With a loud protest taking place just outside, Temple’s board of trustees voted unanimously in favor of pursuing a new football stadium for the Owls program. A study to review potential stadium options could cost the school up to, but not exceeding, $1 million.
The latest plans for a new football stadium would have a proposed 35,000-seat stadium costing up to $126 million placed on Temple’s campus, thus eliminating the need to rent out space in Lincoln Financial Field. Temple’s football program has called The Linc home since the doors opened in 2003. Temple has not played its home games on its campus since leaving Temple Stadium in 1977, at which point it moved its home games to Veterans Stadium in Philadelphia’s sports complex. The vote to pursue a new stadium today is a giant step forward for Temple and the football program and perhaps a long time coming, but it is not one without its share of controversy.
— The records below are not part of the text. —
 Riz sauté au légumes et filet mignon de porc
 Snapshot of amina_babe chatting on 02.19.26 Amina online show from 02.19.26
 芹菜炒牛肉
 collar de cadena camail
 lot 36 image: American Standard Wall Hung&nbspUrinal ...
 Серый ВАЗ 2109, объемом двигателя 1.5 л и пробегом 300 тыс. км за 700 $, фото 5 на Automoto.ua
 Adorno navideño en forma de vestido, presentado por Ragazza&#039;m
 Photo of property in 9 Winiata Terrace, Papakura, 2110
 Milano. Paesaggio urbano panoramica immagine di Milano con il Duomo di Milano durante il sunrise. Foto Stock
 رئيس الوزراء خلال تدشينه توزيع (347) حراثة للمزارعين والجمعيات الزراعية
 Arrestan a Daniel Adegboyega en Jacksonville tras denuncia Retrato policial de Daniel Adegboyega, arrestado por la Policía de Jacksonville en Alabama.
The talks of a new football stadium at Temple have gone on for years, but are now finally seeming to take some steps forward despite a vocal objection from many around Temple’s campus and the Philadelphia community. Protests and demonstrations were planned as the board reviewed the next steps in a new stadium, which is still not a certainty for the university at this point. Among those voicing their opinions on Monday afternoon were students, Philadelphia citizens and more concerned about what a stadium dropped in the middle of North Philadelphia might mean for the community. Given the lackluster impact and results seen at similar campuses, there is legitimate reason for some concern at Temple, which is just now experiencing a new high in football success.
This is just one step out of many that needs to happen in order for Temple to construct a new football stadium. Approval from the city to build such a facility would have to be given, and that is no guarantee.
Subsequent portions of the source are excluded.